I read in either the New Yorker or the Economist -- that's where I learn a lot of things; I never went to kindergarten -- that the average human being fears loss more than he or she yearns for gain. If I recall correctly, to motivate the average person to take a risk in a 50-50 situation, the possible gain must be twice that of the possible loss.
(If I have this wrong, tell me. We revel in interactivity here at Darwin's Cat.)
The last 24 hours of deal making in the venerable Patrick Finley Memorial Baseball League seem to bear this out. I offer deals that will provide mutual benefit. My confreres respond with deals that benefit them and me not at all. My wife -- she who has just returned from the negotiation seminar -- says my problem is that I failed to offer them one-sided deals of my own earlier. She says that by offering fair deals up front, I have spoiled the negotiation. She says I needed to be forced by my trading partner to retreat to an equitable position.

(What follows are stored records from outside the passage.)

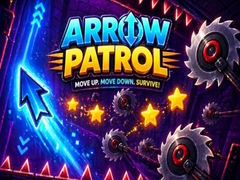                                                                     Arrow Patrol קחשמ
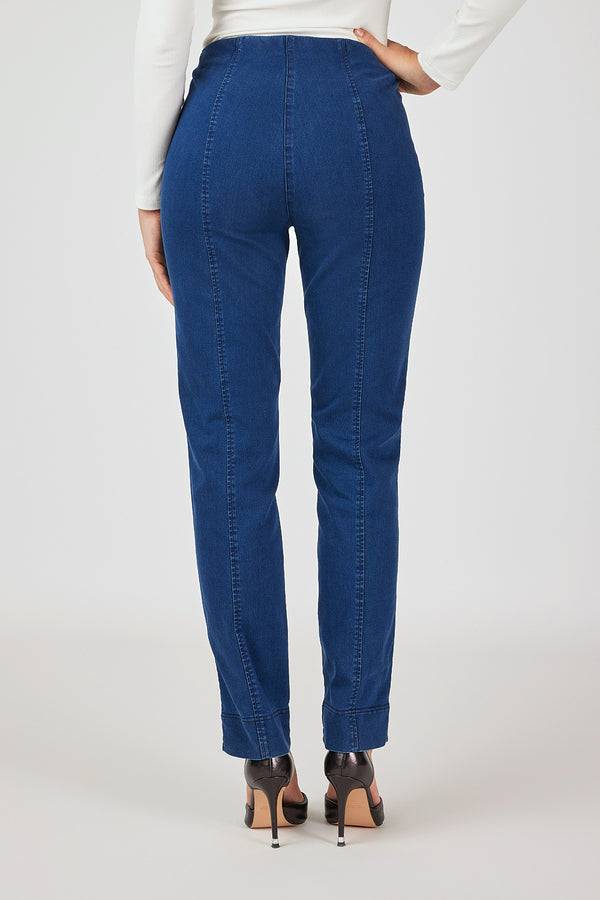 Robbe & Berking ROBELL MARIE JEANS TIEFES KOBALTBLAU Kostenloser Versand international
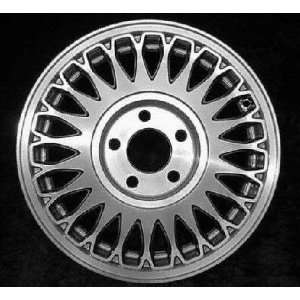  ALLOY WHEEL cadillac CONCOURS 94 95 DEVILLE 15 inch 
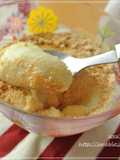 Chewy Tofu Warabi Mochi Pudding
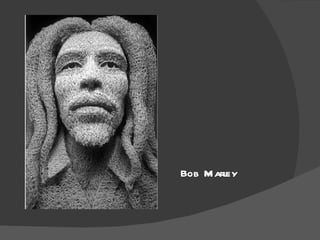 Bob Marley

In other words, my fair deals were offered too early in the game to be perceived as fair. And now it's too late. The goods are shopworn.
Okay. Okay. All I'm saying that as commissioner in years past I have signed off on deals that looked like a shower scene from Oz. I let the fast talkers turn the weaker-minded members of the league into their personal butt buddies. And I don't mean that in a nice way.
Any trade comes down the road in the next 18 hours that isn't a rainbow of righteousness, the commissioner is saying NO,
There's an old sheriff in Dodge right enough, but he just remembered where he keeps his teeth.